## PROBLEM TO SOLVE
Nothing other than an exact copy of the records should be returned.

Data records
________________________

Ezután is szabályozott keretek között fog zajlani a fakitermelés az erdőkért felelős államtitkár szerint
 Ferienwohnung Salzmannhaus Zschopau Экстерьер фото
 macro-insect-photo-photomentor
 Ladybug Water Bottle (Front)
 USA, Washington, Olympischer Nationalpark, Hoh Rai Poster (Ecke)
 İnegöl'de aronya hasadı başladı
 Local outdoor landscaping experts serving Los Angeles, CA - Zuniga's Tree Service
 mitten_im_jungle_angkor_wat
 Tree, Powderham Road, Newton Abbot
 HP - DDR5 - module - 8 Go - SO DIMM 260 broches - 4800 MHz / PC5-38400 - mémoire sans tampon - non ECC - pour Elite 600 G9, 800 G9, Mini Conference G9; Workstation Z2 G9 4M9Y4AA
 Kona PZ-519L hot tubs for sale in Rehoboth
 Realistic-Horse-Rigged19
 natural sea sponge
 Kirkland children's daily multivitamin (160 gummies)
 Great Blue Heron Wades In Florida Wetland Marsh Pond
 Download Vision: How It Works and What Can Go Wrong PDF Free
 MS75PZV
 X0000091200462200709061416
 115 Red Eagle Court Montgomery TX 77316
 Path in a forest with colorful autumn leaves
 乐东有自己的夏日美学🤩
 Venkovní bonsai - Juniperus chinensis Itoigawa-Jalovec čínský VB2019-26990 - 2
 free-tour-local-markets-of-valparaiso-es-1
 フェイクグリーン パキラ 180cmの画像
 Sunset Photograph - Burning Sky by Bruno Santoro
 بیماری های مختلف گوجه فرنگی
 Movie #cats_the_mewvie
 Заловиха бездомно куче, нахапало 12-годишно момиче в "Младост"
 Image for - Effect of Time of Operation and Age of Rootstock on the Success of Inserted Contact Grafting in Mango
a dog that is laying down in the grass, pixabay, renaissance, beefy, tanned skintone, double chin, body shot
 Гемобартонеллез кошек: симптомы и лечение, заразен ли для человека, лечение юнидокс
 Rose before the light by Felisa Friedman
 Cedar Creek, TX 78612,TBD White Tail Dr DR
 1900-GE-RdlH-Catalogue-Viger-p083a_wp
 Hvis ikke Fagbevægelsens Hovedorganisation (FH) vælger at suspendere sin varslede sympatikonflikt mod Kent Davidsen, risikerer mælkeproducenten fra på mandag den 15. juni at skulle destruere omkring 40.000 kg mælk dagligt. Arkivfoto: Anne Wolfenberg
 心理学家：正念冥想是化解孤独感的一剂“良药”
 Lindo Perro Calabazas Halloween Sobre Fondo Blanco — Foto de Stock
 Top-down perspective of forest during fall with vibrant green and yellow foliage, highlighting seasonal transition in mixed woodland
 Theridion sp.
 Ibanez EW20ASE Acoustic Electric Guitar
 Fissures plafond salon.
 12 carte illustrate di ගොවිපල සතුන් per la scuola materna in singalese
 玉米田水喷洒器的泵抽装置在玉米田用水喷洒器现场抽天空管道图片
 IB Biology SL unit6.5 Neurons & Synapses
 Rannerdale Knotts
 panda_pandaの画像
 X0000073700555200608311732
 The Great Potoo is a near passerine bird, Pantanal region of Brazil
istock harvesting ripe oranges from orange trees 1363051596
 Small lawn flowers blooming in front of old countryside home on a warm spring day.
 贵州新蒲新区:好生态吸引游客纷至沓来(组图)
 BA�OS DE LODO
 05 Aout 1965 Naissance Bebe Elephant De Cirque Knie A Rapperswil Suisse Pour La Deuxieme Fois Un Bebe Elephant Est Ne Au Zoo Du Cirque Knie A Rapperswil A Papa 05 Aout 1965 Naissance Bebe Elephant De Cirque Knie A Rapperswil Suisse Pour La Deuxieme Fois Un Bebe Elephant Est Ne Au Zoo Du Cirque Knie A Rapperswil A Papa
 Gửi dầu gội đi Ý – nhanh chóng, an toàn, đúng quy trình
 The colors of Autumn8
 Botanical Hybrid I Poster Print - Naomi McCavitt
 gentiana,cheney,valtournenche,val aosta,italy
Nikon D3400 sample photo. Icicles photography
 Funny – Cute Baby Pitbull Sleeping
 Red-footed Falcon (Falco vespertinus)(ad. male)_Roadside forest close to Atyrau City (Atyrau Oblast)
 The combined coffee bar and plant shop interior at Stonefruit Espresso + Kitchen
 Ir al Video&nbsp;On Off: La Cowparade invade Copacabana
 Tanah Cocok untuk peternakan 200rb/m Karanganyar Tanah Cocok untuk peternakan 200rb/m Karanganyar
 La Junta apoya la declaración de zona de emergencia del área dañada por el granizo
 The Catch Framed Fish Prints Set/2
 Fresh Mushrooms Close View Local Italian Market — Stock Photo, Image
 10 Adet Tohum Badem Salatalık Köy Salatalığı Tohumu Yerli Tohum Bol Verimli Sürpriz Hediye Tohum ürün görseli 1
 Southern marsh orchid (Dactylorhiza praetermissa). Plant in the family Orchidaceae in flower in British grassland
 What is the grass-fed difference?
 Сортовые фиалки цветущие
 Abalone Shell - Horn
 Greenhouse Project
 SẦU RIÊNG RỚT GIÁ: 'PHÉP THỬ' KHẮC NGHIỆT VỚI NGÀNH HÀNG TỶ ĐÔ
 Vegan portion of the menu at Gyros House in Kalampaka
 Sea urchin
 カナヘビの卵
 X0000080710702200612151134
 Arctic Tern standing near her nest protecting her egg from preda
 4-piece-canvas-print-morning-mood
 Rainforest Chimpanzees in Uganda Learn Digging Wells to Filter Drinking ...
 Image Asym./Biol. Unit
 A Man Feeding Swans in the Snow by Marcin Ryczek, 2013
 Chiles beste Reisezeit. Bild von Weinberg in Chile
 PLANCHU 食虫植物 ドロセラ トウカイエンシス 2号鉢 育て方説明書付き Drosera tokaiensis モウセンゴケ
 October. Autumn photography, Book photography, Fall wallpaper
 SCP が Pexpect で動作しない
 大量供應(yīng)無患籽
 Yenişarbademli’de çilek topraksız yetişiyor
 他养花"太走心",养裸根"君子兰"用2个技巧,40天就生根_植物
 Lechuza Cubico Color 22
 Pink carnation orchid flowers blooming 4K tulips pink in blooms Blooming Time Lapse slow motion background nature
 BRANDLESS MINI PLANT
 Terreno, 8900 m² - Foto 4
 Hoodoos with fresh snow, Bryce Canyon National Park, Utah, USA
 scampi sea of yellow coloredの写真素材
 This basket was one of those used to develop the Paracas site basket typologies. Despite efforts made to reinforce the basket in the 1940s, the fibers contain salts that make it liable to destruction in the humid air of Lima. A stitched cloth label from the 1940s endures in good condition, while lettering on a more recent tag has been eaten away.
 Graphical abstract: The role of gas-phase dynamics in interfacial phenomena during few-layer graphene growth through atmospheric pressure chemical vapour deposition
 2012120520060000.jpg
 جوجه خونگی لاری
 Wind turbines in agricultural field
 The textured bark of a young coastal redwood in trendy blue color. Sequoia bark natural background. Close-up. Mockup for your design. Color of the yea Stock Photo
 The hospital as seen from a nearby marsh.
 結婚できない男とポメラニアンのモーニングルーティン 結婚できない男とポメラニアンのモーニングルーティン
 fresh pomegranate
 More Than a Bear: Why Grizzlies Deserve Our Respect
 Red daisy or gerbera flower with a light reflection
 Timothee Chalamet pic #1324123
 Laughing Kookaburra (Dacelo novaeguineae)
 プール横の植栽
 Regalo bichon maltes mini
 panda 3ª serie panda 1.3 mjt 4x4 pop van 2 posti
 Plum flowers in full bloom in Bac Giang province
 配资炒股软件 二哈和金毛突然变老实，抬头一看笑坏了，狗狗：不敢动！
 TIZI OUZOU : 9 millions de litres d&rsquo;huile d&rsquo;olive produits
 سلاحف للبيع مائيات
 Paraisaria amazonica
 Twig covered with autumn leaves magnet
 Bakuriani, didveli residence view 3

________________________

## ANSWER BOX
Ezután is szabályozott keretek között fog zajlani a fakitermelés az erdőkért felelős államtitkár szerint
 Ferienwohnung Salzmannhaus Zschopau Экстерьер фото
 macro-insect-photo-photomentor
 Ladybug Water Bottle (Front)
 USA, Washington, Olympischer Nationalpark, Hoh Rai Poster (Ecke)
 İnegöl'de aronya hasadı başladı
 Local outdoor landscaping experts serving Los Angeles, CA - Zuniga's Tree Service
 mitten_im_jungle_angkor_wat
 Tree, Powderham Road, Newton Abbot
 HP - DDR5 - module - 8 Go - SO DIMM 260 broches - 4800 MHz / PC5-38400 - mémoire sans tampon - non ECC - pour Elite 600 G9, 800 G9, Mini Conference G9; Workstation Z2 G9 4M9Y4AA
 Kona PZ-519L hot tubs for sale in Rehoboth
 Realistic-Horse-Rigged19
 natural sea sponge
 Kirkland children's daily multivitamin (160 gummies)
 Great Blue Heron Wades In Florida Wetland Marsh Pond
 Download Vision: How It Works and What Can Go Wrong PDF Free
 MS75PZV
 X0000091200462200709061416
 115 Red Eagle Court Montgomery TX 77316
 Path in a forest with colorful autumn leaves
 乐东有自己的夏日美学🤩
 Venkovní bonsai - Juniperus chinensis Itoigawa-Jalovec čínský VB2019-26990 - 2
 free-tour-local-markets-of-valparaiso-es-1
 フェイクグリーン パキラ 180cmの画像
 Sunset Photograph - Burning Sky by Bruno Santoro
 بیماری های مختلف گوجه فرنگی
 Movie #cats_the_mewvie
 Заловиха бездомно куче, нахапало 12-годишно момиче в "Младост"
 Image for - Effect of Time of Operation and Age of Rootstock on the Success of Inserted Contact Grafting in Mango
a dog that is laying down in the grass, pixabay, renaissance, beefy, tanned skintone, double chin, body shot
 Гемобартонеллез кошек: симптомы и лечение, заразен ли для человека, лечение юнидокс
 Rose before the light by Felisa Friedman
 Cedar Creek, TX 78612,TBD White Tail Dr DR
 1900-GE-RdlH-Catalogue-Viger-p083a_wp
 Hvis ikke Fagbevægelsens Hovedorganisation (FH) vælger at suspendere sin varslede sympatikonflikt mod Kent Davidsen, risikerer mælkeproducenten fra på mandag den 15. juni at skulle destruere omkring 40.000 kg mælk dagligt. Arkivfoto: Anne Wolfenberg
 心理学家：正念冥想是化解孤独感的一剂“良药”
 Lindo Perro Calabazas Halloween Sobre Fondo Blanco — Foto de Stock
 Top-down perspective of forest during fall with vibrant green and yellow foliage, highlighting seasonal transition in mixed woodland
 Theridion sp.
 Ibanez EW20ASE Acoustic Electric Guitar
 Fissures plafond salon.
 12 carte illustrate di ගොවිපල සතුන් per la scuola materna in singalese
 玉米田水喷洒器的泵抽装置在玉米田用水喷洒器现场抽天空管道图片
 IB Biology SL unit6.5 Neurons & Synapses
 Rannerdale Knotts
 panda_pandaの画像
 X0000073700555200608311732
 The Great Potoo is a near passerine bird, Pantanal region of Brazil
istock harvesting ripe oranges from orange trees 1363051596
 Small lawn flowers blooming in front of old countryside home on a warm spring day.
 贵州新蒲新区:好生态吸引游客纷至沓来(组图)
 BA�OS DE LODO
 05 Aout 1965 Naissance Bebe Elephant De Cirque Knie A Rapperswil Suisse Pour La Deuxieme Fois Un Bebe Elephant Est Ne Au Zoo Du Cirque Knie A Rapperswil A Papa 05 Aout 1965 Naissance Bebe Elephant De Cirque Knie A Rapperswil Suisse Pour La Deuxieme Fois Un Bebe Elephant Est Ne Au Zoo Du Cirque Knie A Rapperswil A Papa
 Gửi dầu gội đi Ý – nhanh chóng, an toàn, đúng quy trình
 The colors of Autumn8
 Botanical Hybrid I Poster Print - Naomi McCavitt
 gentiana,cheney,valtournenche,val aosta,italy
Nikon D3400 sample photo. Icicles photography
 Funny – Cute Baby Pitbull Sleeping
 Red-footed Falcon (Falco vespertinus)(ad. male)_Roadside forest close to Atyrau City (Atyrau Oblast)
 The combined coffee bar and plant shop interior at Stonefruit Espresso + Kitchen
 Ir al Video&nbsp;On Off: La Cowparade invade Copacabana
 Tanah Cocok untuk peternakan 200rb/m Karanganyar Tanah Cocok untuk peternakan 200rb/m Karanganyar
 La Junta apoya la declaración de zona de emergencia del área dañada por el granizo
 The Catch Framed Fish Prints Set/2
 Fresh Mushrooms Close View Local Italian Market — Stock Photo, Image
 10 Adet Tohum Badem Salatalık Köy Salatalığı Tohumu Yerli Tohum Bol Verimli Sürpriz Hediye Tohum ürün görseli 1
 Southern marsh orchid (Dactylorhiza praetermissa). Plant in the family Orchidaceae in flower in British grassland
 What is the grass-fed difference?
 Сортовые фиалки цветущие
 Abalone Shell - Horn
 Greenhouse Project
 SẦU RIÊNG RỚT GIÁ: 'PHÉP THỬ' KHẮC NGHIỆT VỚI NGÀNH HÀNG TỶ ĐÔ
 Vegan portion of the menu at Gyros House in Kalampaka
 Sea urchin
 カナヘビの卵
 X0000080710702200612151134
 Arctic Tern standing near her nest protecting her egg from preda
 4-piece-canvas-print-morning-mood
 Rainforest Chimpanzees in Uganda Learn Digging Wells to Filter Drinking ...
 Image Asym./Biol. Unit
 A Man Feeding Swans in the Snow by Marcin Ryczek, 2013
 Chiles beste Reisezeit. Bild von Weinberg in Chile
 PLANCHU 食虫植物 ドロセラ トウカイエンシス 2号鉢 育て方説明書付き Drosera tokaiensis モウセンゴケ
 October. Autumn photography, Book photography, Fall wallpaper
 SCP が Pexpect で動作しない
 大量供應(yīng)無患籽
 Yenişarbademli’de çilek topraksız yetişiyor
 他养花"太走心",养裸根"君子兰"用2个技巧,40天就生根_植物
 Lechuza Cubico Color 22
 Pink carnation orchid flowers blooming 4K tulips pink in blooms Blooming Time Lapse slow motion background nature
 BRANDLESS MINI PLANT
 Terreno, 8900 m² - Foto 4
 Hoodoos with fresh snow, Bryce Canyon National Park, Utah, USA
 scampi sea of yellow coloredの写真素材
 This basket was one of those used to develop the Paracas site basket typologies. Despite efforts made to reinforce the basket in the 1940s, the fibers contain salts that make it liable to destruction in the humid air of Lima. A stitched cloth label from the 1940s endures in good condition, while lettering on a more recent tag has been eaten away.
 Graphical abstract: The role of gas-phase dynamics in interfacial phenomena during few-layer graphene growth through atmospheric pressure chemical vapour deposition
 2012120520060000.jpg
 جوجه خونگی لاری
 Wind turbines in agricultural field
 The textured bark of a young coastal redwood in trendy blue color. Sequoia bark natural background. Close-up. Mockup for your design. Color of the yea Stock Photo
 The hospital as seen from a nearby marsh.
 結婚できない男とポメラニアンのモーニングルーティン 結婚できない男とポメラニアンのモーニングルーティン
 fresh pomegranate
 More Than a Bear: Why Grizzlies Deserve Our Respect
 Red daisy or gerbera flower with a light reflection
 Timothee Chalamet pic #1324123
 Laughing Kookaburra (Dacelo novaeguineae)
 プール横の植栽
 Regalo bichon maltes mini
 panda 3ª serie panda 1.3 mjt 4x4 pop van 2 posti
 Plum flowers in full bloom in Bac Giang province
 配资炒股软件 二哈和金毛突然变老实，抬头一看笑坏了，狗狗：不敢动！
 TIZI OUZOU : 9 millions de litres d&rsquo;huile d&rsquo;olive produits
 سلاحف للبيع مائيات
 Paraisaria amazonica
 Twig covered with autumn leaves magnet
 Bakuriani, didveli residence view 3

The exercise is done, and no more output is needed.